Agcom ha pubblicato il PNAF 2018, che accompagnerà la migrazione della banda 700 MHz dalle tv alle telco. Ma ha già messo le mani avanti: non funzionerà, stando così le cose. Nel merito, come noto, alle tv rimarranno 14 canali: 10 nazionali e 4 per il trasporto delle locali, oltre al mux promiscuo VHF RAI, che veicolerà sia la terza rete regionale che le tv locali che non troveranno spazio sui network provider puri.
Agcom nel comunicato stampa che ha annunciato il parto del Piano aveva messo in guardia sulle criticità del medesimo, senza però enunciarle chiaramente.

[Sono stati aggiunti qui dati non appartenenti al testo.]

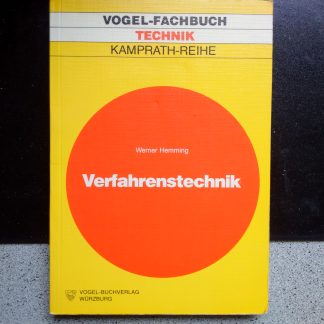 Verfahrenstechnik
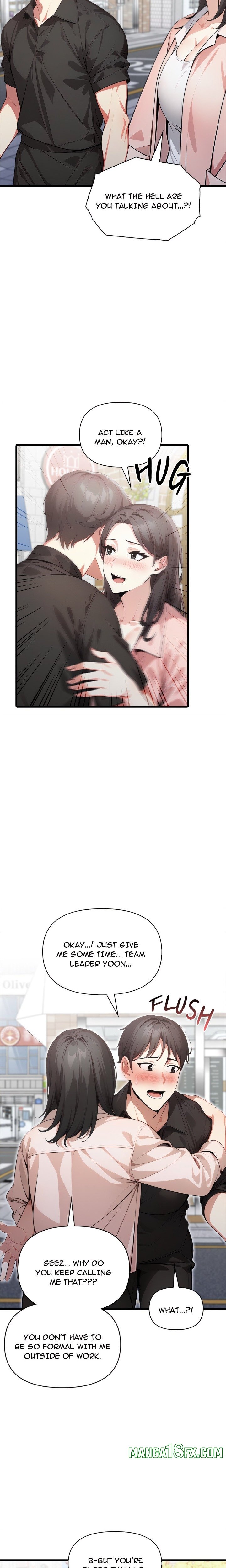 Unknown Sender Chapter 8 - Page 4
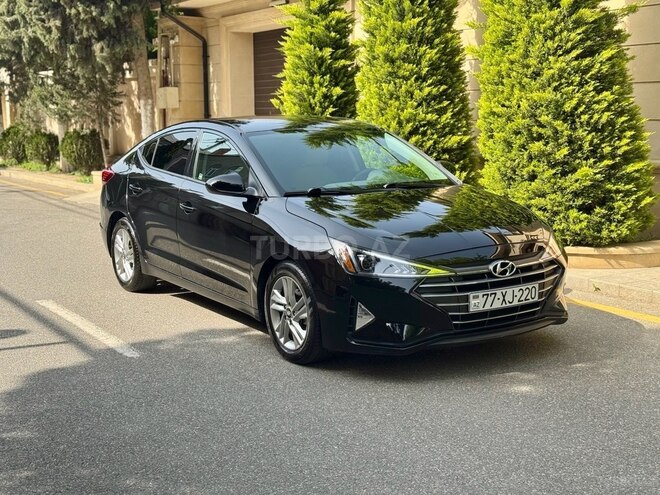 Hyundai Elantra 2020, 12,000 km - 2.0 l - Bakı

A spiegarle ci ha però pensato il commissario Antonio Nicita in un’intervista a Radiocor: “L’attuale ripartizione del piano tra reti nazionali e reti locali è il risultato dell’applicazione della riserva di un terzo dello spettro alle emittenti locali, un vincolo normativo che non è il risultato di un’analisi di effettivo fabbisogno e che potrebbe quindi inficiare l’allocazione efficiente dello spettro nel nuovo contesto di refarming. Per tale ragione l’Autorità, contestualmente all’approvazione del piano, ha segnalato oggi a Governo e Parlamento le possibili distorsioni derivanti dall’attuale quadro normativo e la necessità di superarlo in tempi rapidi per consentire una revisione del piano che tenga conto di effettivi fabbisogni in vista di un’allocazione efficiente delle risorse spettrali”.

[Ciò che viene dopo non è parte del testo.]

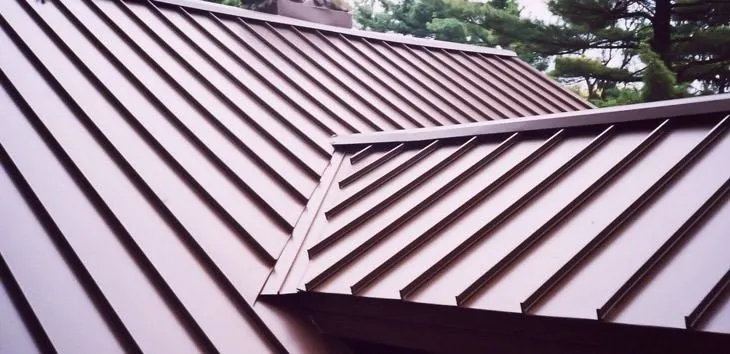 Slide of Eco Roof Cleaning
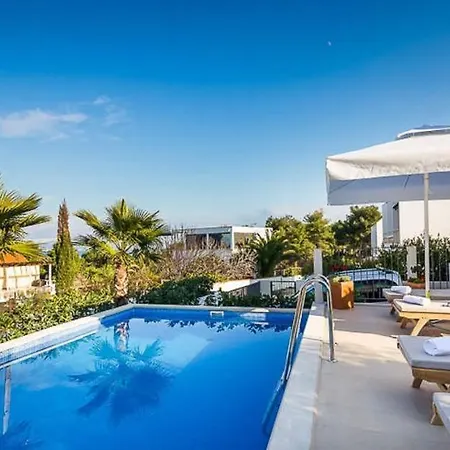 Dream - Private Pool Hébergement de vacances *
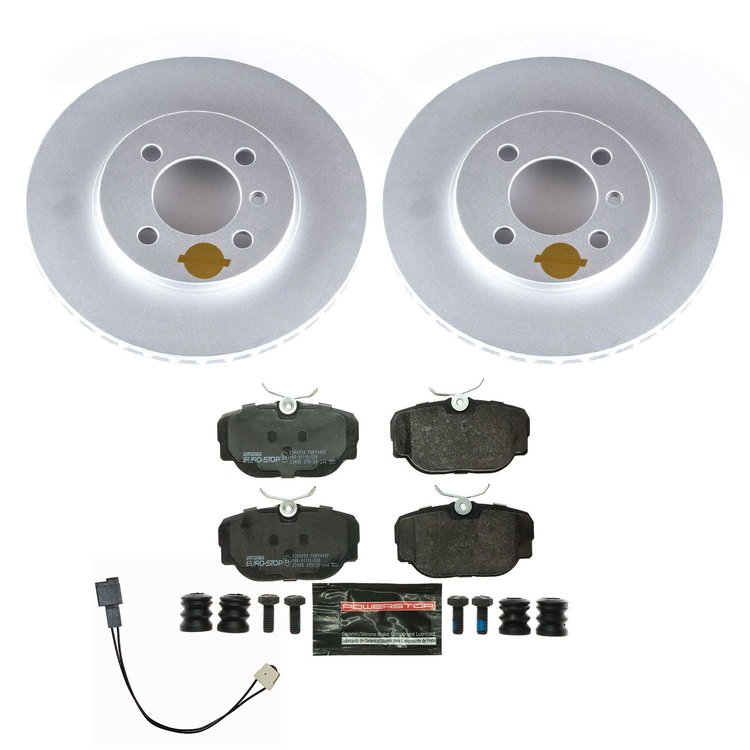 EUROSTOP BRAKE KIT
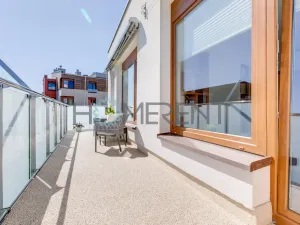 Pronájem bytu 2+kk, Praha - Velká Chuchle, Mrkosova, 51 m2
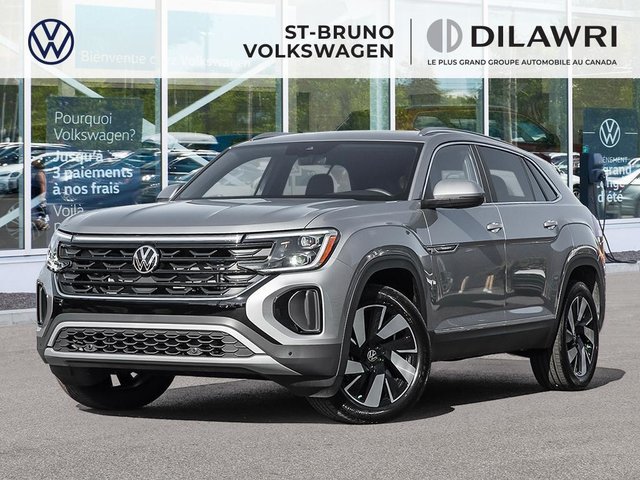 Volkswagen ATLAS CROSS SPORT  2024 à Saint-Bruno-de-Montarville, Québec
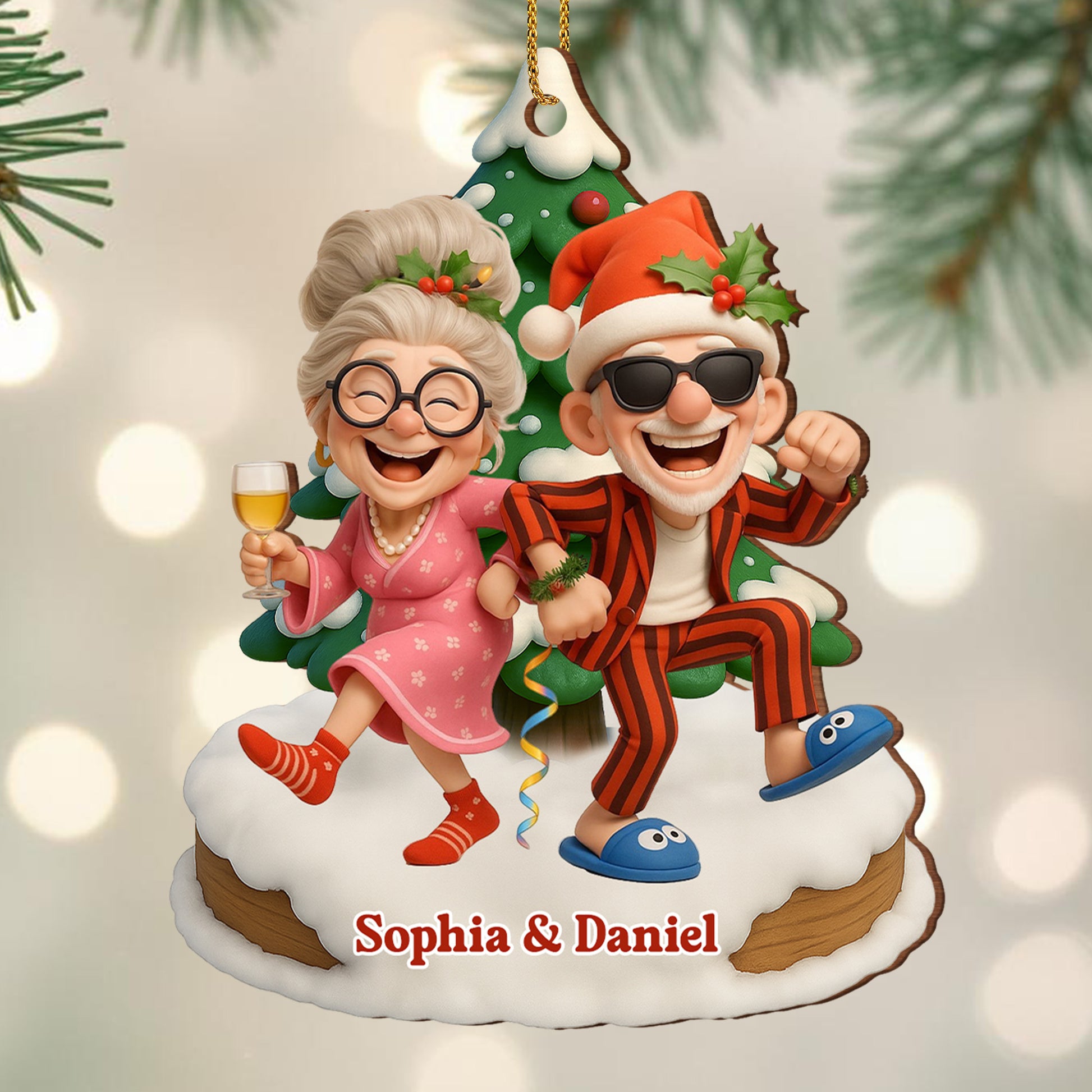 Celebrate Timeless Joy And Laughter Every Christmas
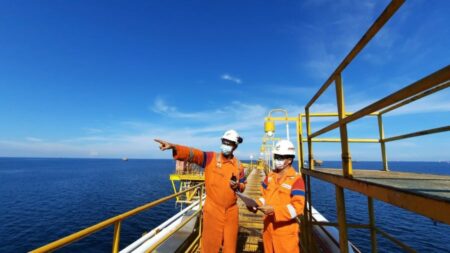 Catat Kinerja Positif, PT Pertamina Hulu Mahakam Berhasil Capai Produksi Gas 600 Juta Standar Kaki Kubik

Nicita ha poi spiegato che “analoghe criticità sono state riscontrate in relazione ai criteri di conversione. Un pronto intervento legislativo potrà permettere il superamento di queste criticità con una conseguente ridefinizione della tempistica dei vari adempimenti da parte di Agcom e Mise, pur nel rispetto dei tempi complessivi previsti dalla Legge di Bilancio 2018“.

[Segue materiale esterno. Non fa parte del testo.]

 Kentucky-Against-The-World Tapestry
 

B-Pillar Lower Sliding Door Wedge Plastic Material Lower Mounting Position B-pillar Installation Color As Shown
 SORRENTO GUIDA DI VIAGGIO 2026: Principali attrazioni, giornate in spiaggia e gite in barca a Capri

Eppoi ci sono i ricorsi di Mediaset e Cairo contro la delibera Agcom che reca le regole dell’asta 5G. Ricorsi che Agcom invita a non sottovalutare, probabilmente soprattutto in relazione a quello di Cairo, che si è visto assegnato alla gara per il dividendo interno un diritto d’uso ventennale revocato dopo pochi anni, seppur dietro indennizzo. Ma chi investe come ha fatto il patron di La 7 su un piano industriale di due decenni non lo fa per venire indennizzato dopo meno di un lustro…
Infine c’è il nodo della conversione dei diritti d’uso nazionali in capacità trasmissiva. Allo stato non esiste una definizione perfetta di “capacità trasmissiva” per gli usi del caso.
Come gestire quindi il processo di abdicazione della titolarità di un diritto d’uso che per quaranta anni ha fondato il sistema radiotelevisivo italiano?
L’abbiamo chiesto al Mise ed abbiamo ricevuto questa risposta: “Non ne abbiamo idea. Chiedete ad Agcom”.